10th Mayor of Fresno, California
- In office April 26, 1937 – April 28, 1941
- Preceded by: Z. S. Leymel
- Succeeded by: Z. S. Leymel

Personal details
- Born: Francis Andreas Hohman May 29, 1875 Fremont, California, U.S.
- Died: June 25, 1958 (aged 83) Fresno, California, U.S.
- Party: Republican
- Spouse: Sarah Estella Chance (m.1900-1958)
- Education: Master of Public Service (Honorary)

= Frank A. Homan =

American politician (1875–1958)

Frank Andrew Homan (born Francis Andreas Hohman) was a business owner, Fresno Unified School District board member, Fresno City commissioner, and mayor of Fresno from 1937 to 1941.

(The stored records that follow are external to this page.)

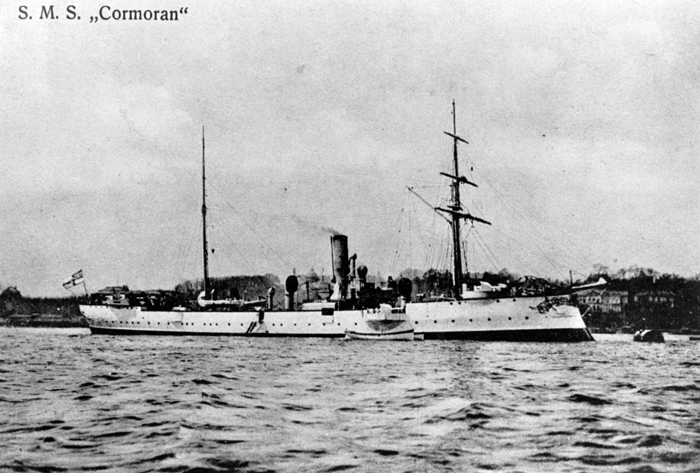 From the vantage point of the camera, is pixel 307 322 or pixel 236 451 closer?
pixel 236 451

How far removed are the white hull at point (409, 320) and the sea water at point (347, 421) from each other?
49.8 ft

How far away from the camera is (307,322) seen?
3628 cm

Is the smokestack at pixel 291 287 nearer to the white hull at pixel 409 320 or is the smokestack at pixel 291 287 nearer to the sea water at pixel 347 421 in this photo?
the white hull at pixel 409 320

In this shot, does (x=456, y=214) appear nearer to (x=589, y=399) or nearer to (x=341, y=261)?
(x=341, y=261)

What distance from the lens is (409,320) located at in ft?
109

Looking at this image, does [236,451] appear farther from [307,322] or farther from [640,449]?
[307,322]

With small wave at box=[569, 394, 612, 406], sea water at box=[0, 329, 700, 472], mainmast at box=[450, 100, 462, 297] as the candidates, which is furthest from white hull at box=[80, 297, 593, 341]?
small wave at box=[569, 394, 612, 406]

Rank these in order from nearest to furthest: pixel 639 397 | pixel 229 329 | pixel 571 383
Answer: pixel 639 397 → pixel 571 383 → pixel 229 329

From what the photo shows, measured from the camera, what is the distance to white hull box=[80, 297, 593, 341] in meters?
29.8

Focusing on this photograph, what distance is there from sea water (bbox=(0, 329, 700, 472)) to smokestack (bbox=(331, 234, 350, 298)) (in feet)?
76.1

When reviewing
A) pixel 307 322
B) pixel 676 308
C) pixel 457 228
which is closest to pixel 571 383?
pixel 457 228

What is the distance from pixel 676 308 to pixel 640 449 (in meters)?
61.5

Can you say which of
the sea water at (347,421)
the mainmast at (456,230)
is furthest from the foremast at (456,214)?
the sea water at (347,421)

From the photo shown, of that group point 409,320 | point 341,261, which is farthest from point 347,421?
point 341,261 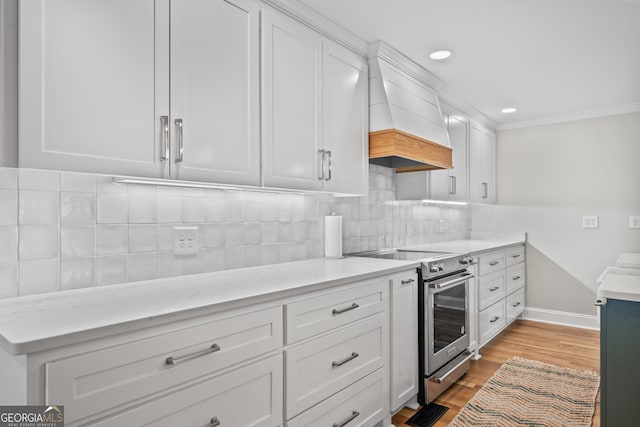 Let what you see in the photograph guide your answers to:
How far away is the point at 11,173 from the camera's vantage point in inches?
52.6

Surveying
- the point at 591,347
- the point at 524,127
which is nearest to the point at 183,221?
the point at 591,347

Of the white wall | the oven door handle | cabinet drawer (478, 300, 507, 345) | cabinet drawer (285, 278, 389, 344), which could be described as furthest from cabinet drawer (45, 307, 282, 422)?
the white wall

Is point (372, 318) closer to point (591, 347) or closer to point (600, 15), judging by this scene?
point (600, 15)

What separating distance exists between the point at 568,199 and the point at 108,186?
14.8 feet

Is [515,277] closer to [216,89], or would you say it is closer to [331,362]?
[331,362]

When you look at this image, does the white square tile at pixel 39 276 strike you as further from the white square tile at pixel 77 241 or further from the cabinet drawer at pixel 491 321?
the cabinet drawer at pixel 491 321

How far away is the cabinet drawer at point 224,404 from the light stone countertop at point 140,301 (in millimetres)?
239

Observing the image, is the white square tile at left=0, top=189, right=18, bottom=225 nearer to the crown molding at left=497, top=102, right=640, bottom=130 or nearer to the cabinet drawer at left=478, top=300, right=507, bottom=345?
the cabinet drawer at left=478, top=300, right=507, bottom=345

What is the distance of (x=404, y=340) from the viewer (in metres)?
2.24

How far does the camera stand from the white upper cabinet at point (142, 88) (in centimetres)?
117

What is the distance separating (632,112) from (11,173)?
5.07 m

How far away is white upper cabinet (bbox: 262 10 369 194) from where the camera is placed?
1883 mm

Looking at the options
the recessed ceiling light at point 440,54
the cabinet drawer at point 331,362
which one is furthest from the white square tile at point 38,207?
the recessed ceiling light at point 440,54

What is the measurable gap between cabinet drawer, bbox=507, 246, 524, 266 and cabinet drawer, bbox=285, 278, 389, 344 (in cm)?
244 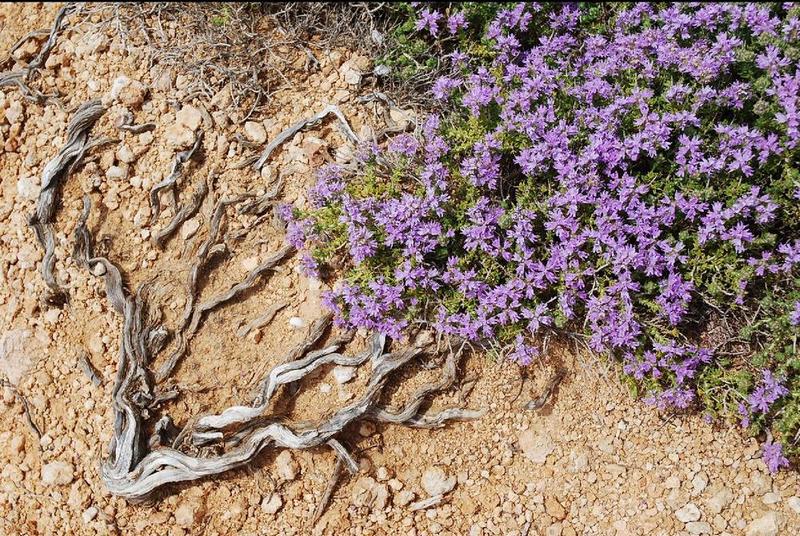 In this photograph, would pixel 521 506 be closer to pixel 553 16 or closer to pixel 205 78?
pixel 553 16

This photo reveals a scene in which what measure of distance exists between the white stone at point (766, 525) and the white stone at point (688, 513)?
253 mm

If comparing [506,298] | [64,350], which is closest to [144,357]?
[64,350]

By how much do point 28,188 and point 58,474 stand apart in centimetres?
156

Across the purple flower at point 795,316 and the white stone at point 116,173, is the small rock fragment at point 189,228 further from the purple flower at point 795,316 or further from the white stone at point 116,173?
the purple flower at point 795,316

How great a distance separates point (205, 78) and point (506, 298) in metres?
2.15

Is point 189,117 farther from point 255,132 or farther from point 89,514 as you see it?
point 89,514

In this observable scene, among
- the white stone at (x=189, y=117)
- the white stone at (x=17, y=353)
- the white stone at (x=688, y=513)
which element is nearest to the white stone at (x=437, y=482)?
the white stone at (x=688, y=513)

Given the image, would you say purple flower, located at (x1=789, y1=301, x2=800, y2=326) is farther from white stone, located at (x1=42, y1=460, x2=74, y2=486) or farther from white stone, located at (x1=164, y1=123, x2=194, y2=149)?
white stone, located at (x1=42, y1=460, x2=74, y2=486)

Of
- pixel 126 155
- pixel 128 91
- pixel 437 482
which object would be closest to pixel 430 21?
pixel 128 91

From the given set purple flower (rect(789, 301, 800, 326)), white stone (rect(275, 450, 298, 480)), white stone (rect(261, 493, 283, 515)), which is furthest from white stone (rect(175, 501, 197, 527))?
→ purple flower (rect(789, 301, 800, 326))

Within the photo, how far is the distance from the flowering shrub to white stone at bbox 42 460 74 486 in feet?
5.28

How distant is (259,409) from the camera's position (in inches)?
149

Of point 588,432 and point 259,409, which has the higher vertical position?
point 259,409

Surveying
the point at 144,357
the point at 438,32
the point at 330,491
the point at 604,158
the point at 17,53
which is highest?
the point at 17,53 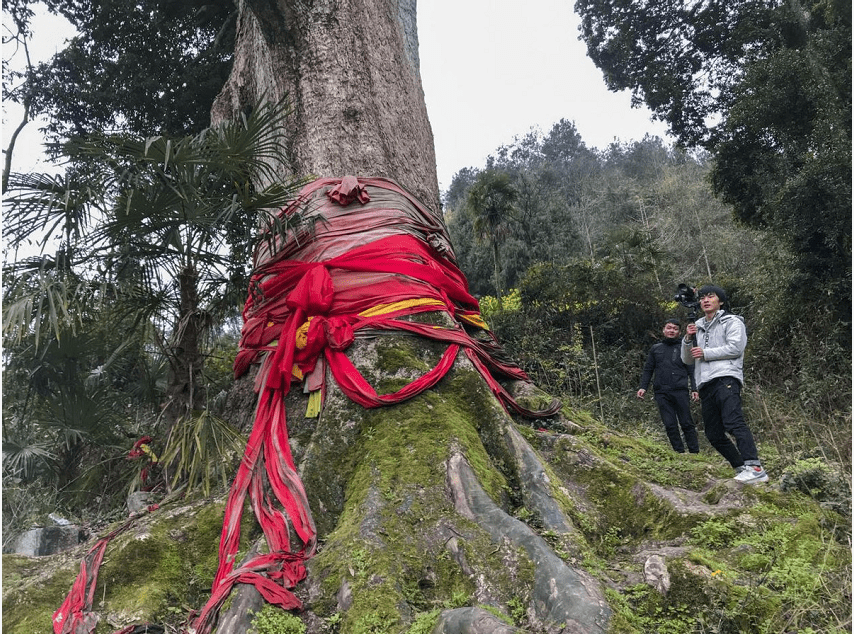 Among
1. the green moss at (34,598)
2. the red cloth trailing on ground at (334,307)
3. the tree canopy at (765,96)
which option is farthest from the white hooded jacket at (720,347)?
the tree canopy at (765,96)

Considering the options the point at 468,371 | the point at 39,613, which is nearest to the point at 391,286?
the point at 468,371

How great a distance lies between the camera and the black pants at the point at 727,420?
355 cm

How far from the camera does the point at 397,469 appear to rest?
9.84 feet

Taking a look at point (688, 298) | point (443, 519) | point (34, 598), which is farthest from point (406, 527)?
point (688, 298)

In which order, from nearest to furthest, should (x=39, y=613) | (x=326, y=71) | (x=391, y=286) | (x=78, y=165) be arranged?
(x=39, y=613), (x=78, y=165), (x=391, y=286), (x=326, y=71)

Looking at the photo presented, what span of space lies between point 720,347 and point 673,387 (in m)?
2.61

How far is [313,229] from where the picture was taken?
4.11 meters

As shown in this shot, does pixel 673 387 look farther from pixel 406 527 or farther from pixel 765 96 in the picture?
pixel 765 96

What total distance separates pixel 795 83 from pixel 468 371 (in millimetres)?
9746

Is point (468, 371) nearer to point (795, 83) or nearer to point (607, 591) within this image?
point (607, 591)

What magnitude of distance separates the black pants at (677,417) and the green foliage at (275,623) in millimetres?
4679

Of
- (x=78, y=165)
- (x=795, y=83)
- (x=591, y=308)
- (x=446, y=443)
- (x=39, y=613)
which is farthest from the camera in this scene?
(x=591, y=308)

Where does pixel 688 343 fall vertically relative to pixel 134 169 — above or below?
below

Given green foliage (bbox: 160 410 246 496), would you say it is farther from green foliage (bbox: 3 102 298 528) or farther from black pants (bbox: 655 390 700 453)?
black pants (bbox: 655 390 700 453) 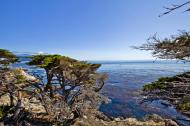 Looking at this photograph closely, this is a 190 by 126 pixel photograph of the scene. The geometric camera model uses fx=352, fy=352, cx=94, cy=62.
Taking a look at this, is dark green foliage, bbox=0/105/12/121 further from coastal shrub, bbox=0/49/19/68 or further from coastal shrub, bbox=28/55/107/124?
coastal shrub, bbox=0/49/19/68

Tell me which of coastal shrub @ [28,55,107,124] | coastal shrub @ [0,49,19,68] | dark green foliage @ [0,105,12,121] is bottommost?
dark green foliage @ [0,105,12,121]

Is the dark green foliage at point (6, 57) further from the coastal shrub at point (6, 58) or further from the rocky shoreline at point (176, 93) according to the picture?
the rocky shoreline at point (176, 93)

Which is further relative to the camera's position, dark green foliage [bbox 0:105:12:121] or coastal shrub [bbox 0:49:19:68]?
coastal shrub [bbox 0:49:19:68]

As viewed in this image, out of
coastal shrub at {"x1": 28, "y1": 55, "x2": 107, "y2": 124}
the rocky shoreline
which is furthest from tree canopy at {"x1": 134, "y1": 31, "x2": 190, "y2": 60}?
coastal shrub at {"x1": 28, "y1": 55, "x2": 107, "y2": 124}

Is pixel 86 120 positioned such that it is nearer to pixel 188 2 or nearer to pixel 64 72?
pixel 64 72

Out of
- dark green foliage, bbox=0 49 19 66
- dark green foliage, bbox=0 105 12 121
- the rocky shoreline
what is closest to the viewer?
the rocky shoreline

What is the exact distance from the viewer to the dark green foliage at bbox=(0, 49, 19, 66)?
858 inches

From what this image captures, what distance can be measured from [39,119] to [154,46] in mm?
14914

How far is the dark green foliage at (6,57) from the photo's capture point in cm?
2179

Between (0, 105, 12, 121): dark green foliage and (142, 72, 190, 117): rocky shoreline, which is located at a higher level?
(142, 72, 190, 117): rocky shoreline

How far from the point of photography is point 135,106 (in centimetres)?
3762

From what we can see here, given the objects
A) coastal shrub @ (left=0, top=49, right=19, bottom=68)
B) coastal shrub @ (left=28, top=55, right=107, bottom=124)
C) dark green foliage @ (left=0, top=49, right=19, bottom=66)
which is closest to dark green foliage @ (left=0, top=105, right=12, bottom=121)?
coastal shrub @ (left=28, top=55, right=107, bottom=124)

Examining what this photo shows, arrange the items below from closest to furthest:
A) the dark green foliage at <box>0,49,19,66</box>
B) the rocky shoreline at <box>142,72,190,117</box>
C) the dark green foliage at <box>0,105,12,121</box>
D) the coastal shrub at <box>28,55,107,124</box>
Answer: the rocky shoreline at <box>142,72,190,117</box> → the dark green foliage at <box>0,105,12,121</box> → the dark green foliage at <box>0,49,19,66</box> → the coastal shrub at <box>28,55,107,124</box>

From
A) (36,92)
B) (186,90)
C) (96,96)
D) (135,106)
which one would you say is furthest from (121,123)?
(186,90) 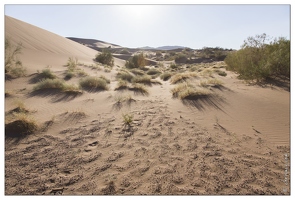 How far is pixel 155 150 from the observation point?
3.81 metres

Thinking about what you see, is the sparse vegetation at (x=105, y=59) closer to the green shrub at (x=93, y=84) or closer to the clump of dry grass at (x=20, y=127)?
the green shrub at (x=93, y=84)

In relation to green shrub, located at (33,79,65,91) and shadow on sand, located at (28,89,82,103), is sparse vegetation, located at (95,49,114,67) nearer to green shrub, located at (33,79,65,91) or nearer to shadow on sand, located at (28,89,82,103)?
green shrub, located at (33,79,65,91)

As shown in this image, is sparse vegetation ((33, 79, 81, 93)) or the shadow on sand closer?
the shadow on sand

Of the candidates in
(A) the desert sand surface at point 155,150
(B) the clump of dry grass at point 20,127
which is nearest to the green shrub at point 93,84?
(A) the desert sand surface at point 155,150

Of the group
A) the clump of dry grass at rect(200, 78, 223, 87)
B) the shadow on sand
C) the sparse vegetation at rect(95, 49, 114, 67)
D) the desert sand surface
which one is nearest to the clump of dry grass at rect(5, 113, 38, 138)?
the desert sand surface

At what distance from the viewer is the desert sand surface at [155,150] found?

Frank A. Homan was born May 29, 1875, to Catherine (Katherina) and Jacob (Jakob) Hohman in Fremont, California. Frank was one of six children for the Hohmans. By 1883, the Hohmans moved to Fresno from Mayfield, California (present-day Palo Alto, California). The Americanization of "Hohman" to "Homan" began about the time of Jacob's naturalization in 1868. By the time the family arrived in Fresno, Homan was the surname used. Frank Homan grew up on the edge of the Germantown neighborhood of Fresno.

Homan attended Fresno High School being involved in student government and baseball. Homan played baseball outside of class for The Fresno Expositor on a company sponsored team alongside future MLB player and manager Frank Chance.

After graduation in 1893, Homan begin work as a reporter for The Fresno Morning Republican. Homan would work until 1895 when he would join the United States Postal Service as the assistant postmaster until 1903. On January 4, 1900, Homan would marry Frank Chance's sister, Sarah, in which Chance would give away the bride during the off-season while a player for the Chicago Cubs. Homan would go into the private financial business selling oil stock and supplies.
==Civic career==
===Fresno City Board of Education===
Homan ran for office in 1909 to serve as Board President of the Fresno City Schools During that term, Homan, along with school superintendent C. L. McLane built an open air school to teach quarantined students that did not have the Smallpox vaccine. Homan served for a single term from 1909 to 1913. Although no longer on the school board, Homan would continue to advocate for better schools, bond measures and the construction of the new Fresno High School.

While not engaging directly in civic business, Homan continued to build his business as he began to transform his business into a sporting goods and athletics supplies store called Homan & Company.

===Merchant's Association===
Homan was part of the original businesses that established the Merchants Association of Fresno where he would be elected president of the association from 1915 to 1918. Homan would also find himself called upon by virtue of his associations with politicians and merchants alike to continue in civic leadership. As World War I began, Homan was placed in charge of Fresno's Liberty bond campaign which further made Homan a staple in the city after raising $75,000 (equivalent to $1.6 million in 2020 dollars) in a single day.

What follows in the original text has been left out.